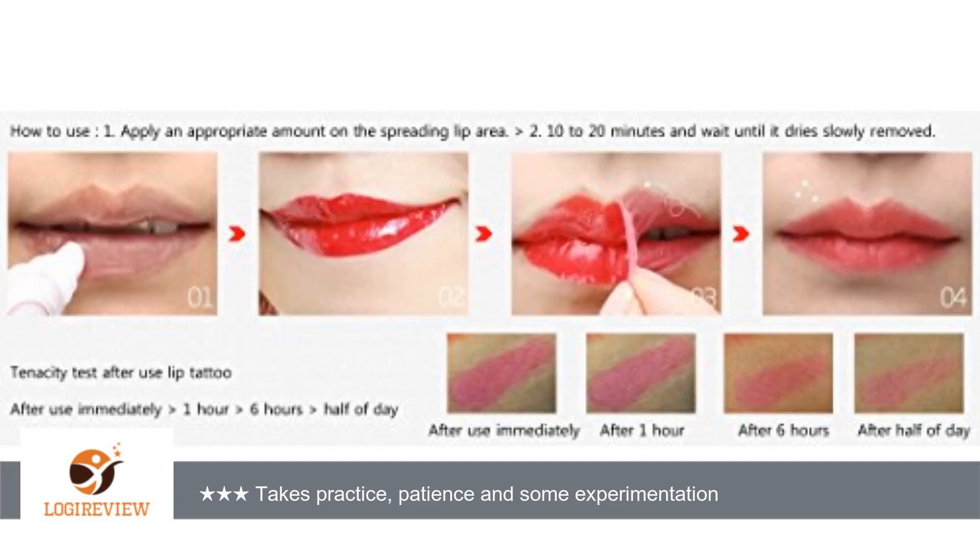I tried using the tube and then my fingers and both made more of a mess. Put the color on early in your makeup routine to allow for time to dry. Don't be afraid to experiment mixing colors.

========

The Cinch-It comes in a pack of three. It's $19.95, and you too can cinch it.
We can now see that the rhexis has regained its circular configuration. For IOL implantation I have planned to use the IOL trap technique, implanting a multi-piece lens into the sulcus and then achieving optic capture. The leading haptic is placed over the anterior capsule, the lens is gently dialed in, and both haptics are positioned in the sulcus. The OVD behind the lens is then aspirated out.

========

Task goal:
Copy only this part of the entries above: the line with "The Cinch-It comes", the line with "We can now see", and the lines between, all exactly as written.

Written solution:
The Cinch-It comes in a pack of three. It's $19.95, and you too can cinch it.
We can now see that the rhexis has regained its circular configuration. For IOL implantation I have planned to use the IOL trap technique, implanting a multi-piece lens into the sulcus and then achieving optic capture. The leading haptic is placed over the anterior capsule, the lens is gently dialed in, and both haptics are positioned in the sulcus. The OVD behind the lens is then aspirated out.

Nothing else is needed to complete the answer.